TASK TO CARRY OUT:
Below are records; work out how many of their lines hold the string "from" and give that number alone.

RECORDS SUPPLIED Block Start

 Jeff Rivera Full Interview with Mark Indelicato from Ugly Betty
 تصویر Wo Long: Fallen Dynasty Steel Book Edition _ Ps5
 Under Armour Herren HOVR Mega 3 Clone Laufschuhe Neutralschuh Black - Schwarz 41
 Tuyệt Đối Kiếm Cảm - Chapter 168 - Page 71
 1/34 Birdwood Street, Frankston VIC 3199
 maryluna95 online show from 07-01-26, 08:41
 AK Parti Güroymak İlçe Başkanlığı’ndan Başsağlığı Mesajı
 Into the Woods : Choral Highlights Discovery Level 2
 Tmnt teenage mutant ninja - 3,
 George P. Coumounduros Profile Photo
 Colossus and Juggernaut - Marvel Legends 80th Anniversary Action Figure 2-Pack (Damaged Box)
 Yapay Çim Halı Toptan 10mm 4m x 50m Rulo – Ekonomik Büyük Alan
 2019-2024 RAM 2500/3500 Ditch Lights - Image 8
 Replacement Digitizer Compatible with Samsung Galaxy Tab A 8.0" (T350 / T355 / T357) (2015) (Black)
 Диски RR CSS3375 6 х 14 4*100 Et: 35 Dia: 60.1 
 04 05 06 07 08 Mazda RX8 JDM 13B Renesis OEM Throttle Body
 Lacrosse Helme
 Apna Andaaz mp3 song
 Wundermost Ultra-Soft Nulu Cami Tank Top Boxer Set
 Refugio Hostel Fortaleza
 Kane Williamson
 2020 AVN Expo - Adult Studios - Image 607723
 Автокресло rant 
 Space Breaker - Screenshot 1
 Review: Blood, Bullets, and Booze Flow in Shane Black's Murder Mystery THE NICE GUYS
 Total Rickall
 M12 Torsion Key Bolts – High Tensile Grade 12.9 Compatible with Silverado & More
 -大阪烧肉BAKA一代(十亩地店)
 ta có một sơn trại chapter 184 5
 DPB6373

RECORDS SUPPLIED Block End

RESULT:
2